▸ Work to be completed:
The answer must be every line below that contains the string "https".

● ● ● ● ● ● ●

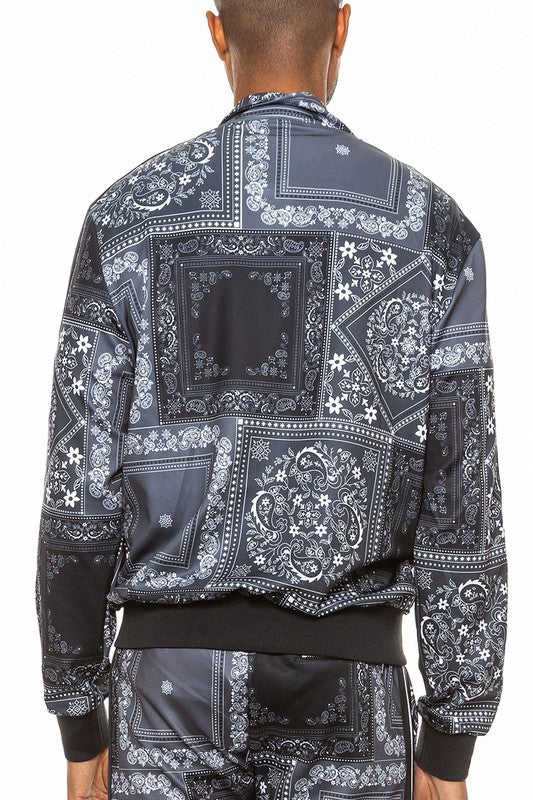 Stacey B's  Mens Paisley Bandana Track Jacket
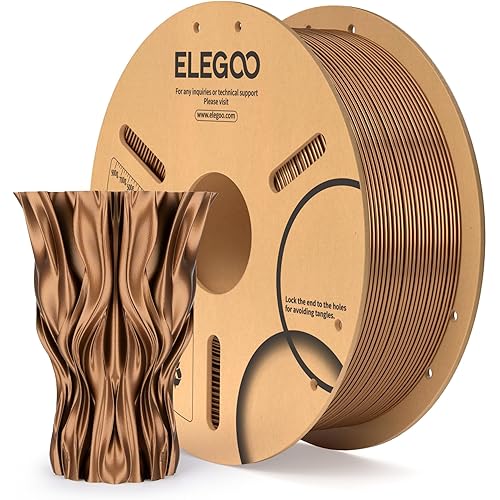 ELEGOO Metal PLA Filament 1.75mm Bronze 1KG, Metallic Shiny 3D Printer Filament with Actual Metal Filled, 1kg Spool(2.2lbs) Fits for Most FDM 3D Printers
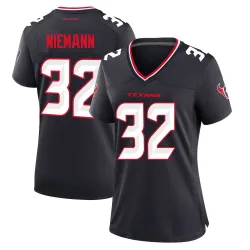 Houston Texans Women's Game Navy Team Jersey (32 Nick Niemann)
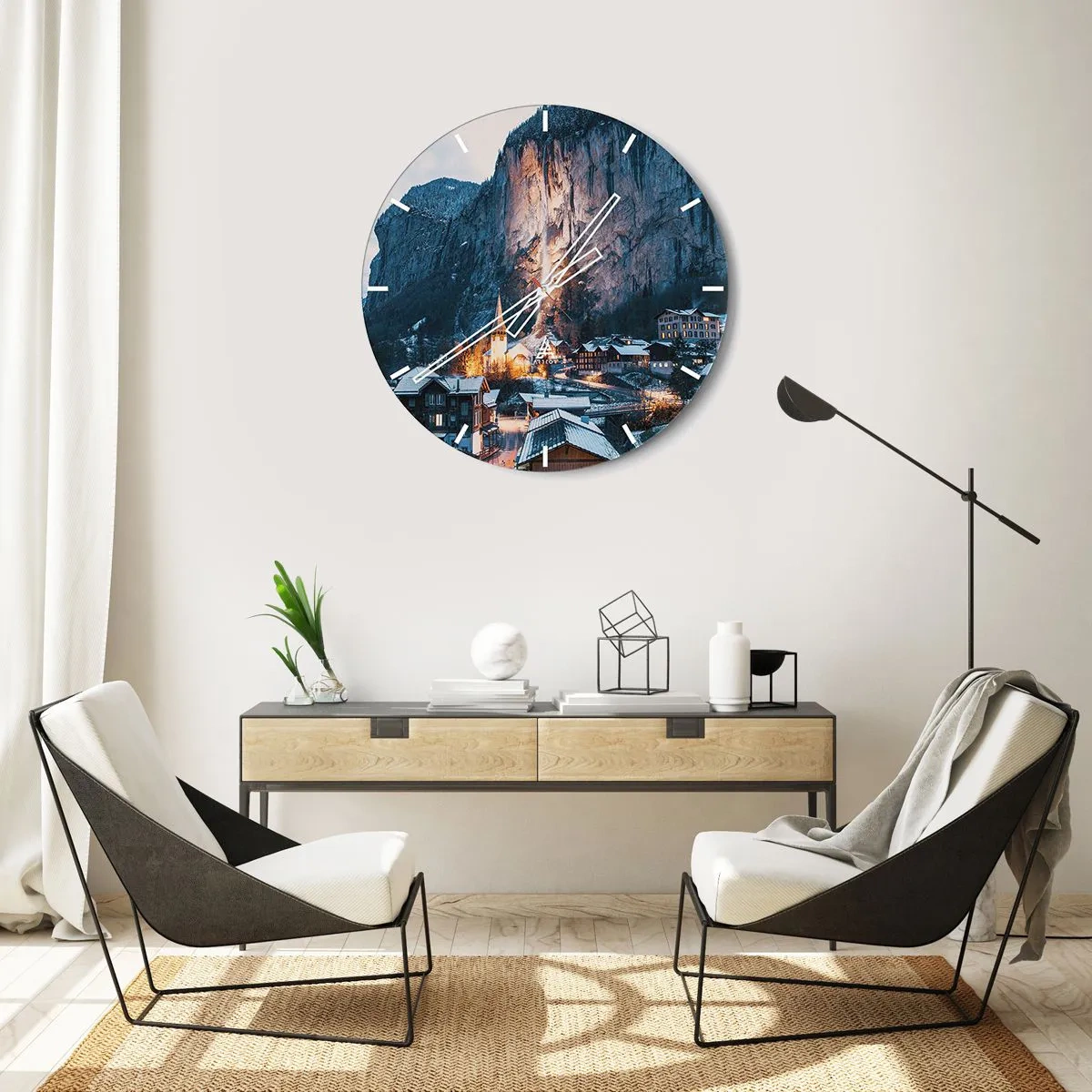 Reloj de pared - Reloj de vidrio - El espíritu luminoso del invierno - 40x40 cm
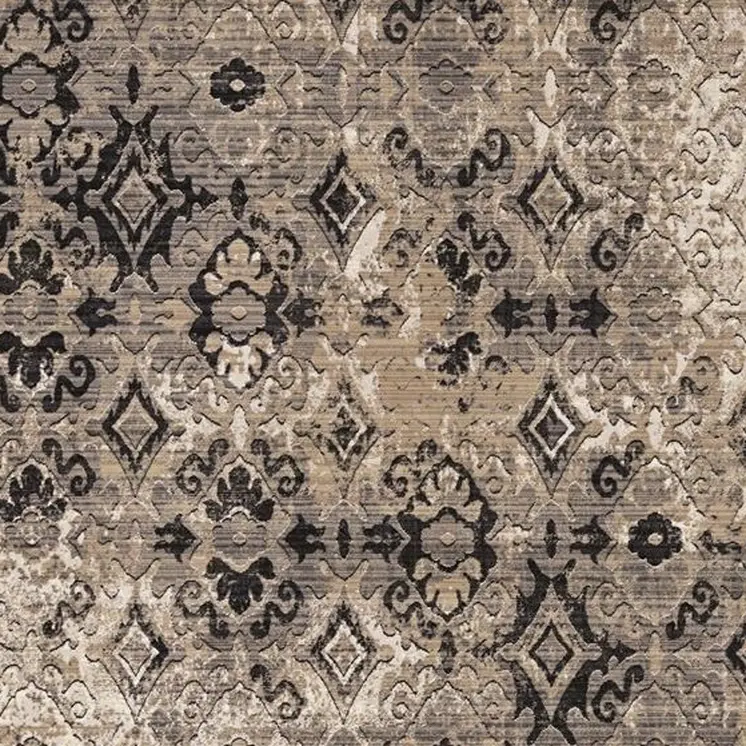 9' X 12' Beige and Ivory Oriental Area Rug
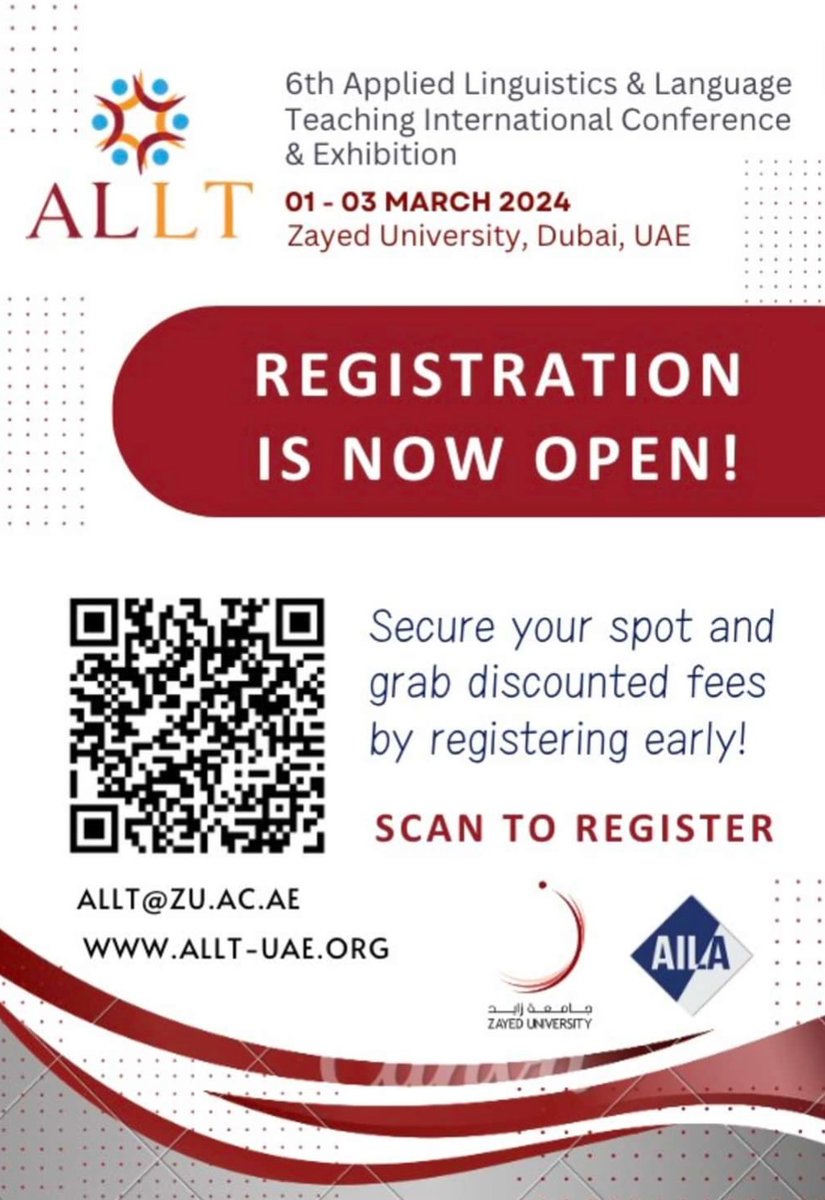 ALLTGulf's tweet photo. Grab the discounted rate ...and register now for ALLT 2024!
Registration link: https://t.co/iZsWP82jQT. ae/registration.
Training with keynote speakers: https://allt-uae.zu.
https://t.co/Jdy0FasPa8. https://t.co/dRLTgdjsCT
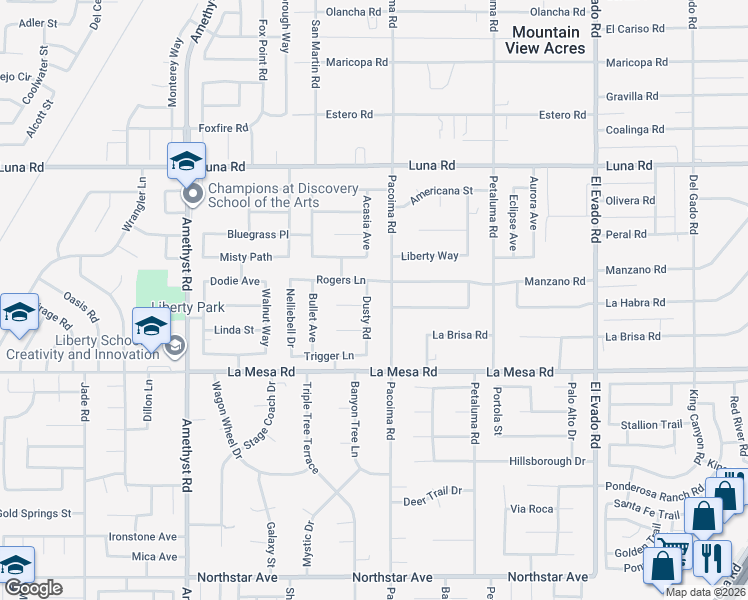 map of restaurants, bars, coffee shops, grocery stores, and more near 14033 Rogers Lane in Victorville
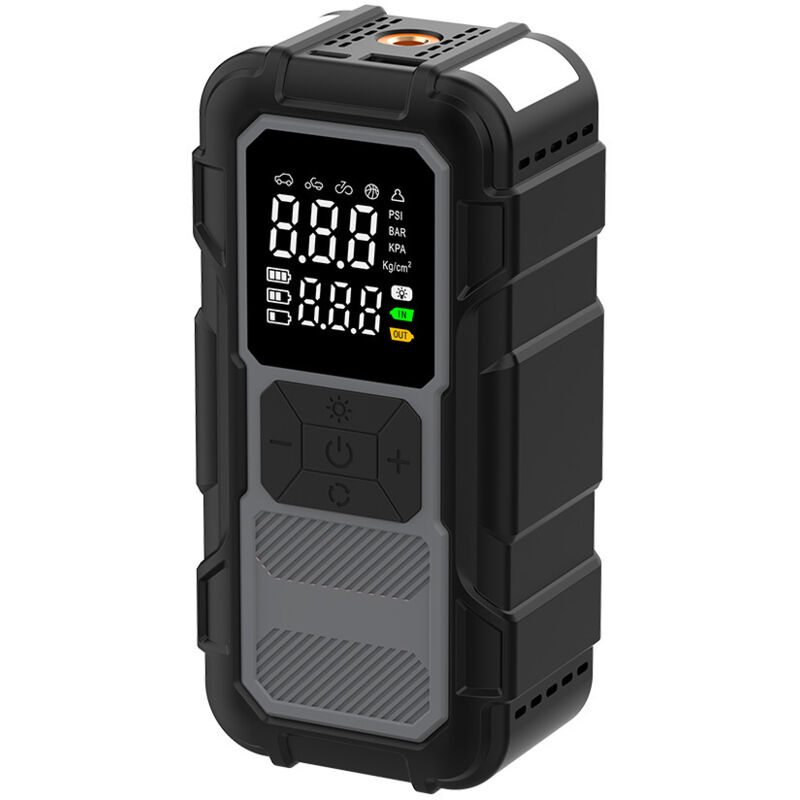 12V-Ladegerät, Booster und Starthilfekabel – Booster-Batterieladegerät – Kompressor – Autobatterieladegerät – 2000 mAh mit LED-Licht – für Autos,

● ● ● ● ● ● ●

▸ Exercise solution:
Registration link: https://t.co/iZsWP82jQT. ae/registration.
Training with keynote speakers: https://allt-uae.zu.
https://t.co/Jdy0FasPa8. https://t.co/dRLTgdjsCT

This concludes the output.